I never thought I will miss Romania. That Romania that was being unfair to me me every single day. Incorrect. Corrupted. Impolite. That Romania, whose behavior was putting me away. Because there was no room for anything else than nepotism, favoritism or acquaintances. Because being Romanian was a handicap, even in my own country.
Then I saw it can be worse. That out there there are countries without any hope. That no matter which is the location, the state remains the state. And being an expat doesn`t make you tax free. That nepotism is present everywhere, even in the most unexpected locations. And knowing the right person will put a step ahead anyone, everywhere.
I’ve seen misery and sadness. But then I saw even more happiness and warmth.
I feel lucky that I was born in Europe and I can go out safely alone in the middle of the night. Without the fear of being robbed or raped.
I feel lucky that I was born in a free country, where I still have a chance to do something in life.

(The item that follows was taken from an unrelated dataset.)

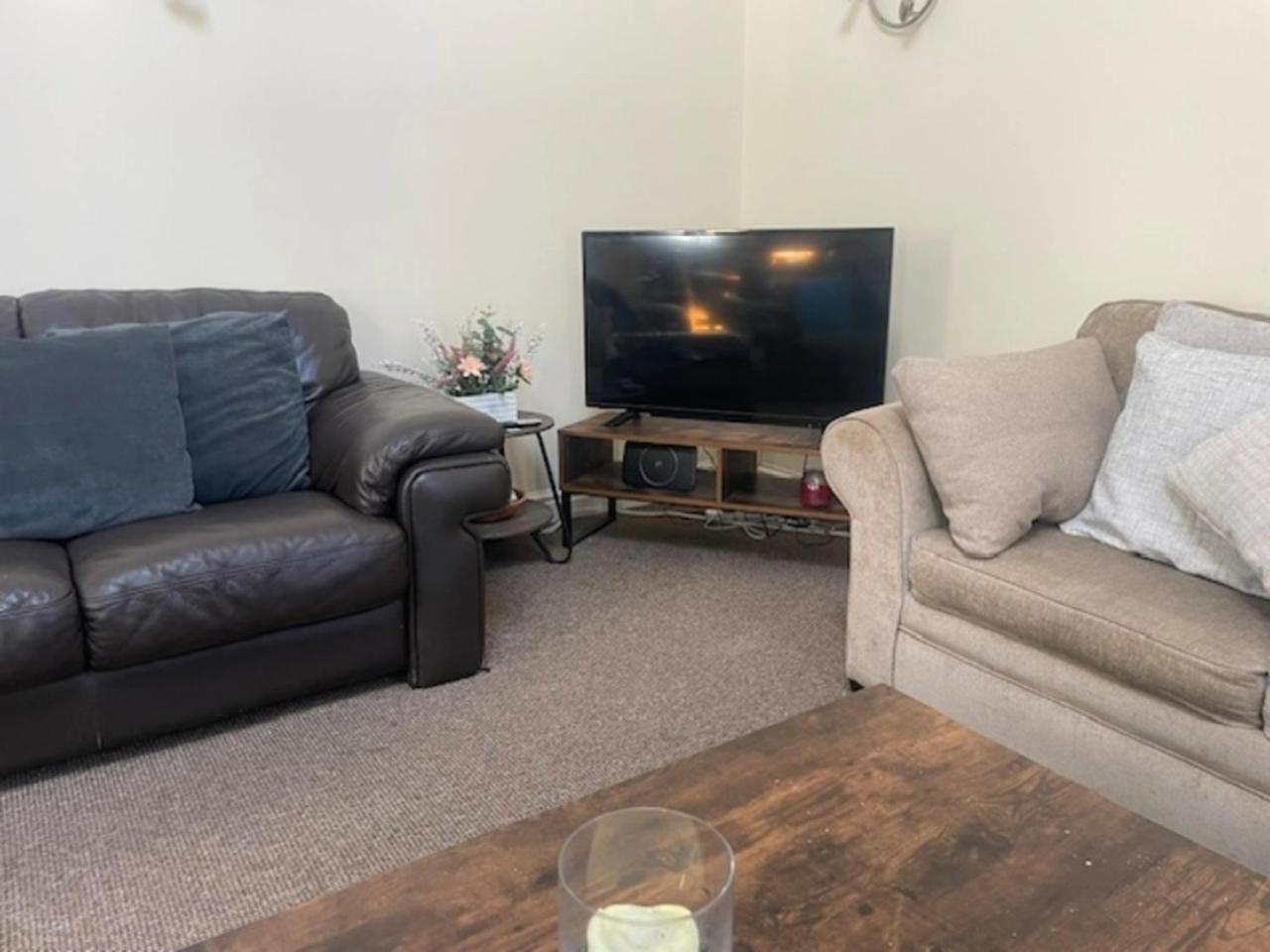 St Annes Apartment 4 - Sleeps 6 - Free Parking לית'ם סנט אנס מראה חיצוני תמונה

I feel lucky that my country has four seasons and I fully enjoyed each of them. That I can freely go outdoors in summertime. And I can enjoy skiing in winter, without traveling the globe to do so. That we have beautiful mountains full of trails. And we have a sea, even though it`s more “blackish” than blue.
I don`t miss that corrupted Romania, full of misery. But I do miss that picturesque Romania. I miss those Transylvanian villages, the spring flowers, the green mountains. I miss cycling through green fields and forests. I miss eating fruits straight from the tree. I miss running in the rain. I miss all those places where I was… and I still want to be.
I miss the Ceahlău mountain, the one living in the clouds…
Or the autumn from Bucharest, at least.
Or, at least, the black and white one.